My typical bankruptcy client exhausts every possible alternative before contacting me to discuss bankruptcy.

After the initial consultation they almost always say they wish they had contacted me sooner.

Do You Have a Financial Exit Strategy?

When our military commits to another country to fight, there is always the question of our exit strategy.  Do we have one? (unfortunately, often not)

A successful exit strategy in bankruptcy comes in part from not depleting all your assets before filing.

Don’t mistake me, it is GOOD to try to pay your debts, and if that means eating out less and cutting other expenses that’s to be applauded.
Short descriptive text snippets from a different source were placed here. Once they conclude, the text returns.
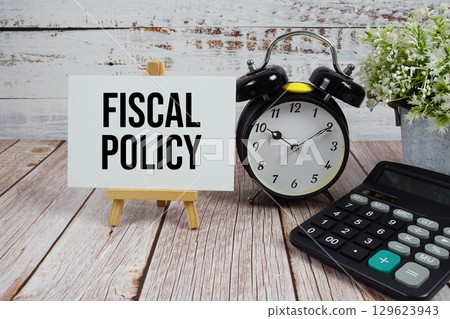 Fiscal Policy text with alarm clock and calculator on wooden background 129623943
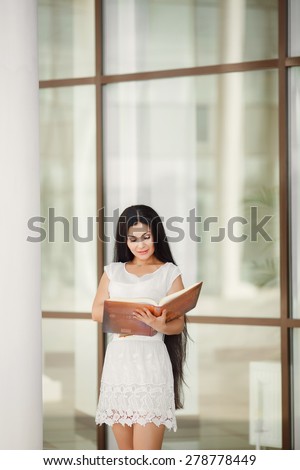 Female student outdoors campus college student young woman reading book girl with book, happy woman smiling, series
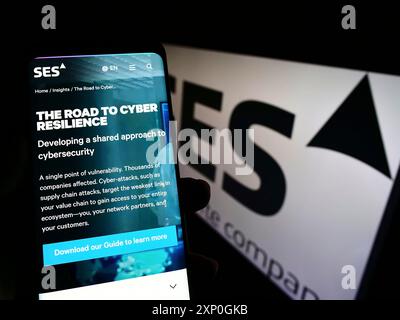 Stuttgart, Deutschland, 26.02.2022: Person, die ein Smartphone hält, mit der Webseite des Satelliten-Telekommunikationsunternehmens SES S.A. auf dem Bildschirm mit Logo. Konzentrieren Sie sich auf Stockfoto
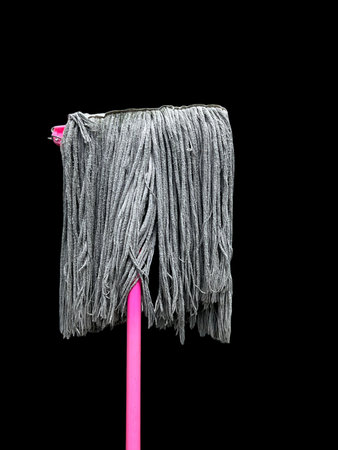 pink mop on a black background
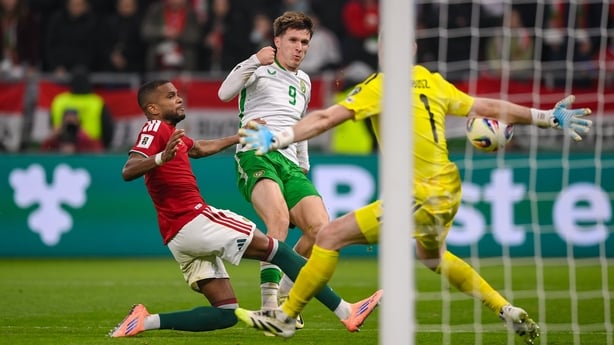 16 November 2025; Johnny Kenny of Republic of Ireland shoots at goal under pressure from Hungary goalkeeper Dénes Dibusz and Loïc Négo, left, during the FIFA World Cup 2026 Group F Qualifier match between Hungary and Republic of Ireland at Puskás Aréna in Budapest, Hungary. Photo by Stephen McCarthy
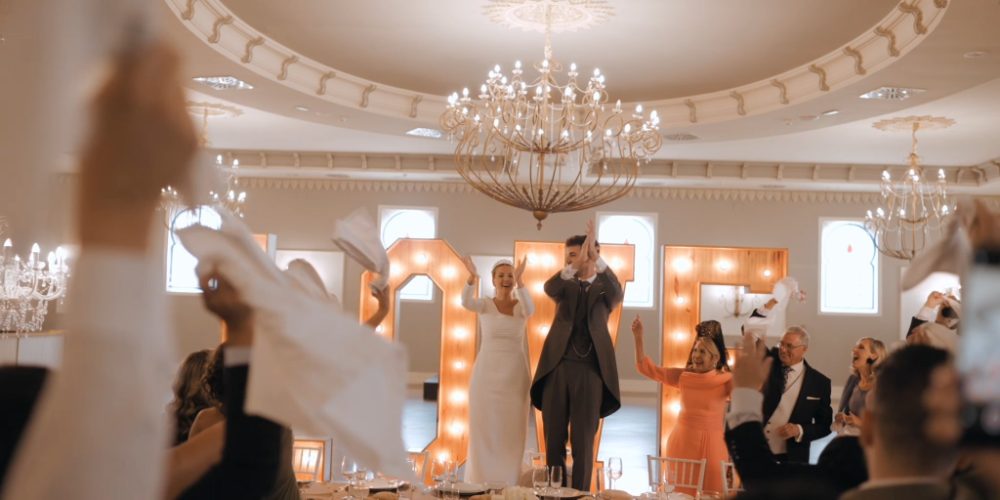 Alicia and Edu entering the dining hall under a crystal chandelier, guests waving napkins around them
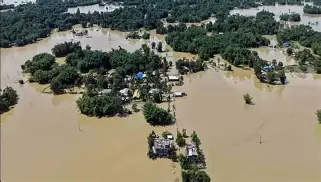 Assam flood victims being rescued by rescue teams in a boat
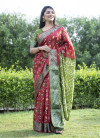 Red and mahendi green color bandhej silk saree with printed work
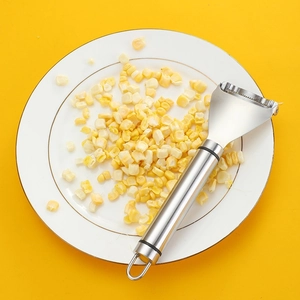 Stainless steel corn peeler tool for removing kernels on a white plate with corn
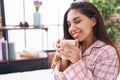 Young beautiful arab woman drinking cup of coffee sitting on bed at bedroom Royalty Free Stock Photo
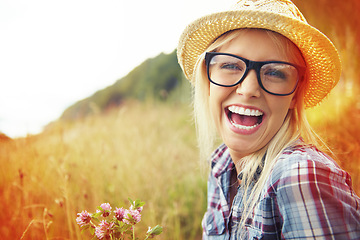 Image showing Happy, countryside and face of woman laugh in field for freedom, wellness and fresh air outdoor. Nature, hipster and portrait of person in meadow with lens flare for relaxing and sustainability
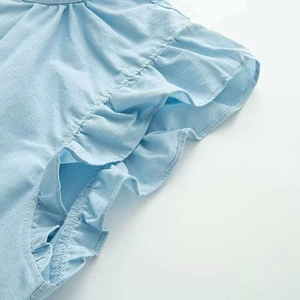 Detail of light blue shirt featuring ruffled flutter sleeves and neat stitching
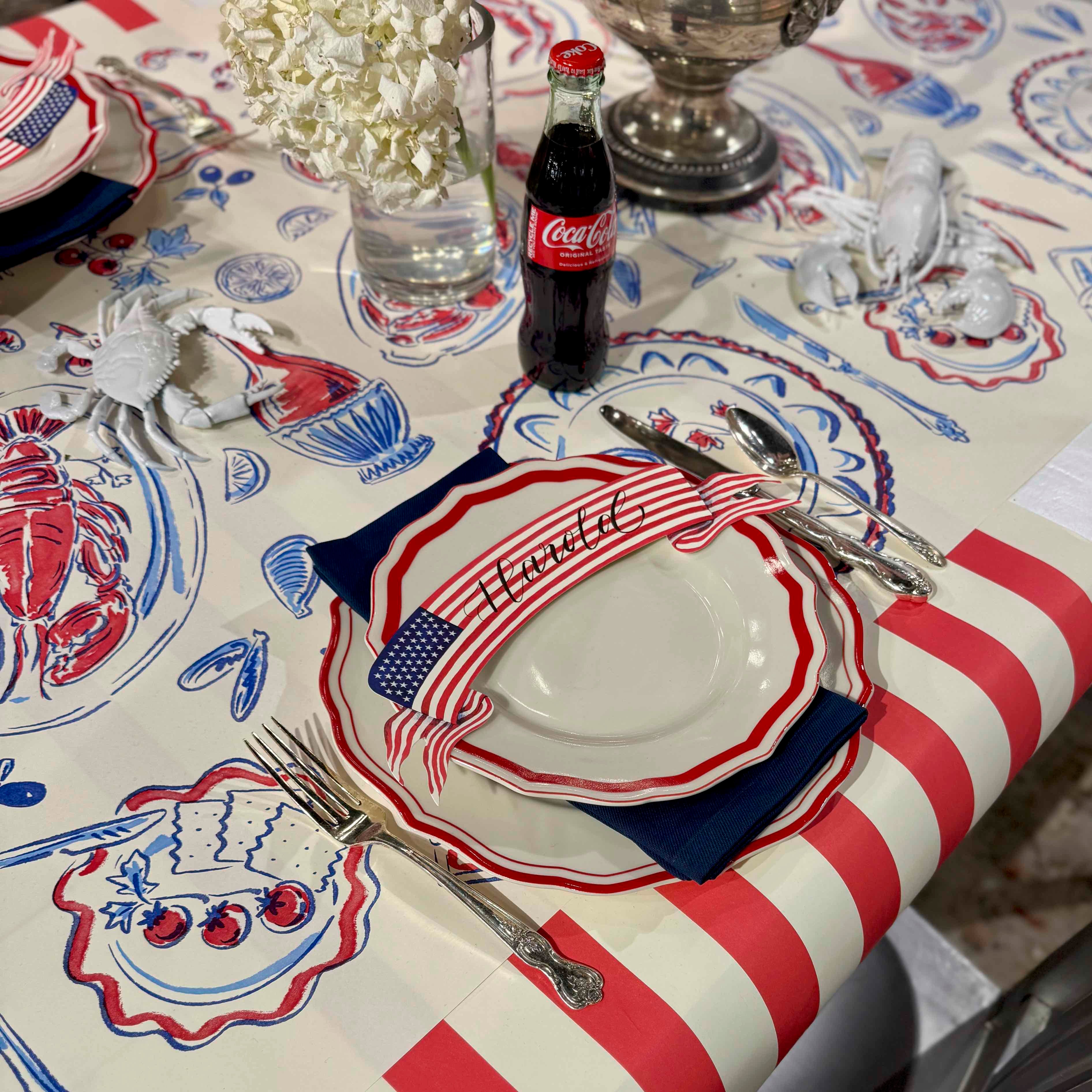 Table setting with a Coca-Cola bottle on a tablecloth featuring American flag and lobster designs.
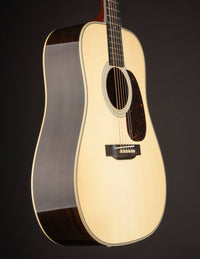 Acoustic guitar with a dark brown finish on a black background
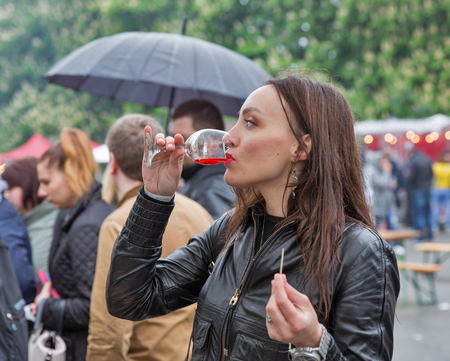 KIEV, UKRAINE - MAY 13, 2017: Unrecognized young woman taste wine during Kyiv Food and Wine Festival in National Expocenter, a permanent multi-purpose exhibition complex in the Teremky neighborhood.のeditorial素材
BUT there comes a time when it’s important to cut your losses and protect your future.

What do I mean?

You need to position yourself so that you aren’t destitute by the time you file bankruptcy or, if you don’t file bankruptcy, after you complete whatever debt resolution program you choose.

There is no reason to feel guilty about taking advantage of laws that are here to protect you.

What Bankruptcy Can and Cannot Do

Bankruptcy can do a number of powerful things.

  • It can eliminate the legal obligation to pay on your debts.
  • It can sometimes enable you to remove junior mortgage liens and judicial liens.
  • It can give you time to repay debts that are not dischargeable,
  • and much, much more.

But it cannot create money for you.  Bankruptcy does not give you a job.  Bankruptcy does not put food on your table.

What Happens When You Try Too Hard to Pay Your Debts

When Ann (not her real name) came to me she told me a story I’ve heard hundreds of times in different versions from my clients over the years.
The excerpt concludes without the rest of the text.